▽

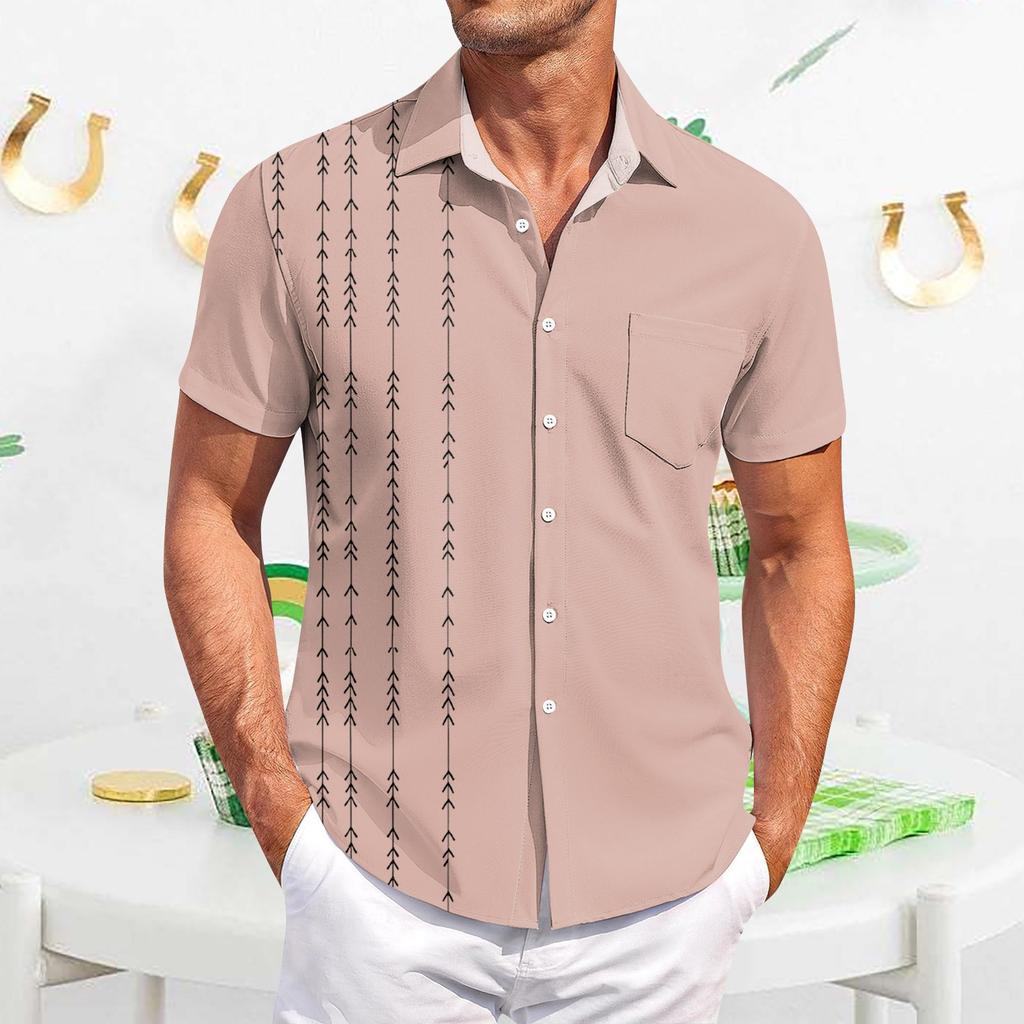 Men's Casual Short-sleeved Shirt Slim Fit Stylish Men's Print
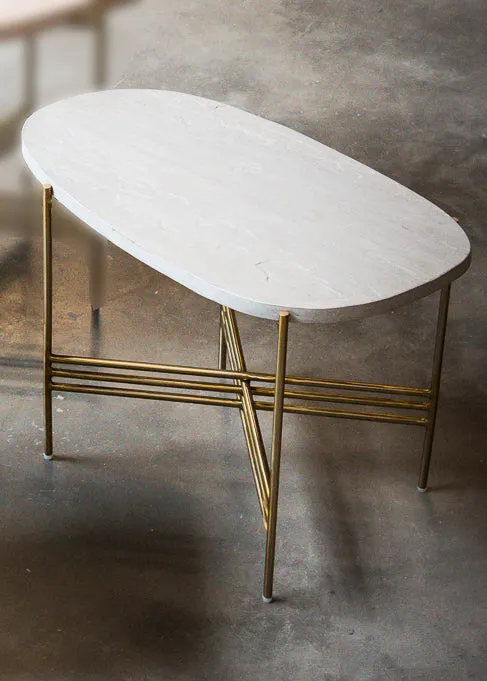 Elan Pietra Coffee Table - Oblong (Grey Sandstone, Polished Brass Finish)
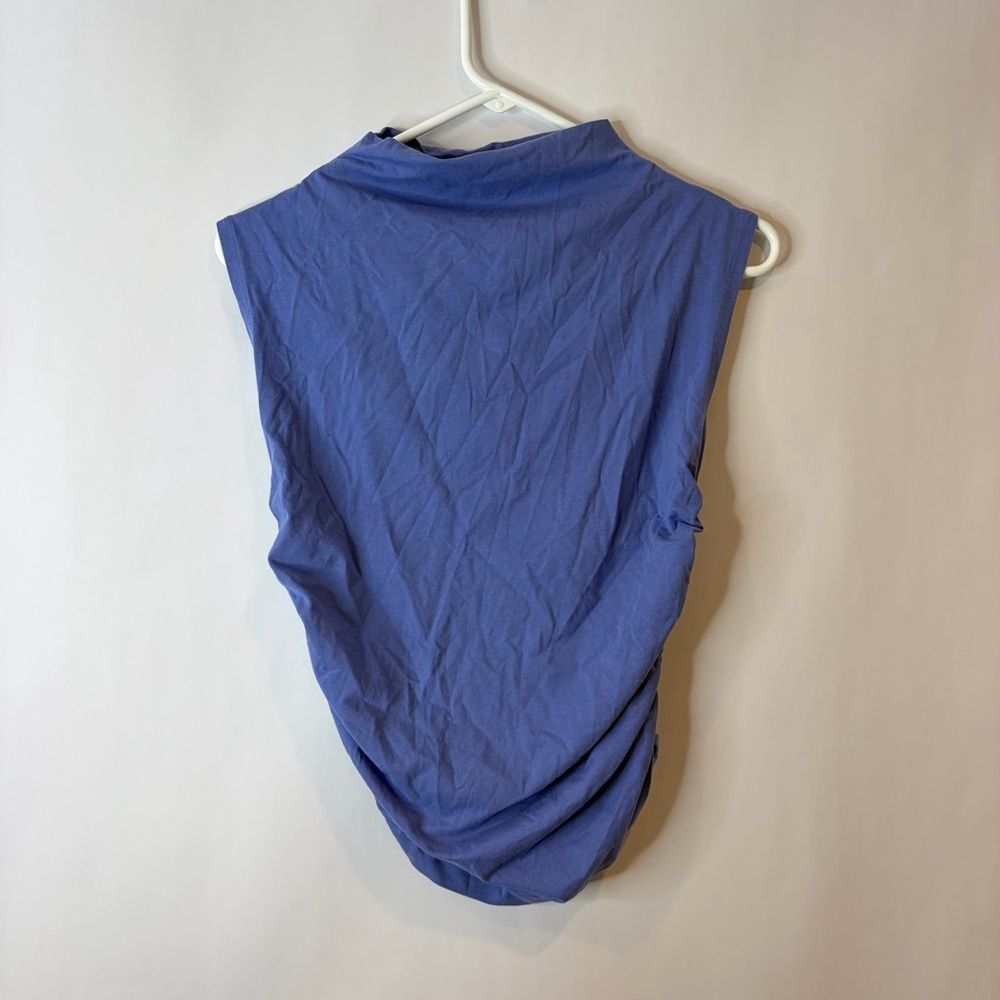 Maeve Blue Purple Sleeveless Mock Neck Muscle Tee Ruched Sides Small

△
▽

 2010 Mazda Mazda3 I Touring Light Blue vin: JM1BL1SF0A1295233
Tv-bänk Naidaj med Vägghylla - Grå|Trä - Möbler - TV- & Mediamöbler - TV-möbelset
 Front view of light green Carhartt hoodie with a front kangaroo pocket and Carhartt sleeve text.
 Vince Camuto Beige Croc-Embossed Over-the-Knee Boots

△

* **ASSIGNMENT**:
Using the data above, reproduce exactly the lines from the line that contains "Tv-bänk Naidaj med" through the line that contains "Vince Camuto Beige", including both.

* **RESULT OF THIS TASK**:
Tv-bänk Naidaj med Vägghylla - Grå|Trä - Möbler - TV- & Mediamöbler - TV-möbelset
 Front view of light green Carhartt hoodie with a front kangaroo pocket and Carhartt sleeve text.
 Vince Camuto Beige Croc-Embossed Over-the-Knee Boots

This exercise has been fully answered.